Newly released underwater footage from the Pacific Northwest reveals the true extent of the melting sea star epidemic currently spreading along the west coast of North America.
Following the discovery of melting Sunflower sea stars off the coast of California, Washington state and Canada, videographer and underwater explorer Laura James uncovered well over 100 dead sea stars washed up on the beach in West Seattle’s Brace Point area earlier this month. After diving into the water to investigate, James reveals to Storyleak just how devastating the die-off has become.
“I’d heard that the sea stars were dying en mass but this was beyond my imagination,” James said. “It was like carnage or a mass grave. Dead and dying sea stars, body on top of body.”
James’ footage, which begins by showing unaffected sea starts in the same area a year prior, reveals that multiple sea star species have begun to literally disintegrate, despite earlier reports of only one species being affected.
“The Sunflower sea stars were the first to die, and it happened very fast. The Ochre and Mottled sea stars are now dying and these are the bodies you see piling up,” James said.
All stages of the melting process can be seen throughout the footage, beginning with a strange loss of coordination and inability to grasp onto objects, before the insides and limbs begin to fall apart, adding to the numerous white piles of melted sea star remains.

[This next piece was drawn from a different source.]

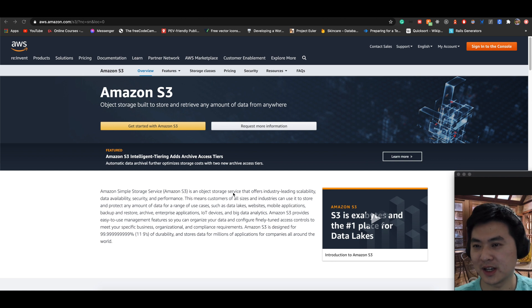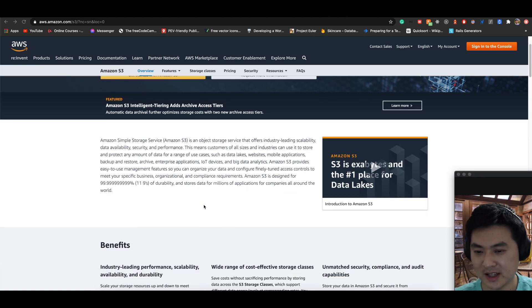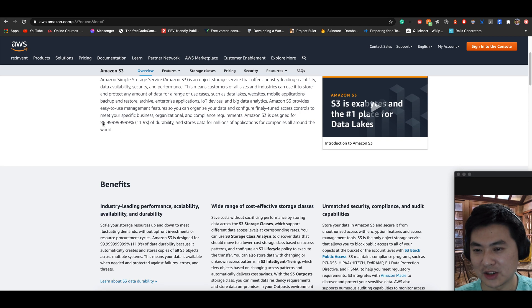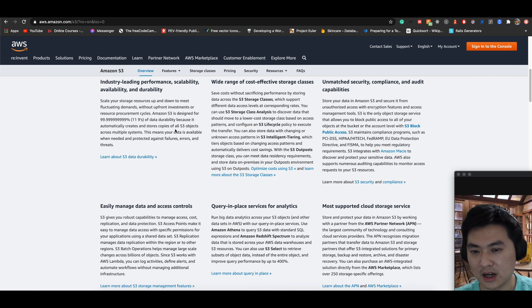Another thing is that there are multiple availability zones. They're very good at replicating data across multiple availability zones, so if one instance of your file is not available, there are always other nodes and instances that have the file replicated across different zones. You don't have to worry about a single point of failure. On their site, you can see they have an insane durability percentage — 99.999999999%, eleven nines of durability — one of their main selling points. They automatically create and store copies of S3 objects across multiple systems.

“As we were swimming along we also noted torn off legs from Sunflower stars strewn about, like the starfish had just been cruising along and one leg after another stopped working,” James said.
Controlled experiments in the late 1960s, which removed sea stars from Washington state’s Mukkaw Bay, produced a dramatic decrease in species diversity as hypothesized. Given the sea stars’ now evident role as a keystone species linked to maintaining ecological balance, many worry the die-off could begin the chain reaction, massively devastating the biodiversity of the entire west coast.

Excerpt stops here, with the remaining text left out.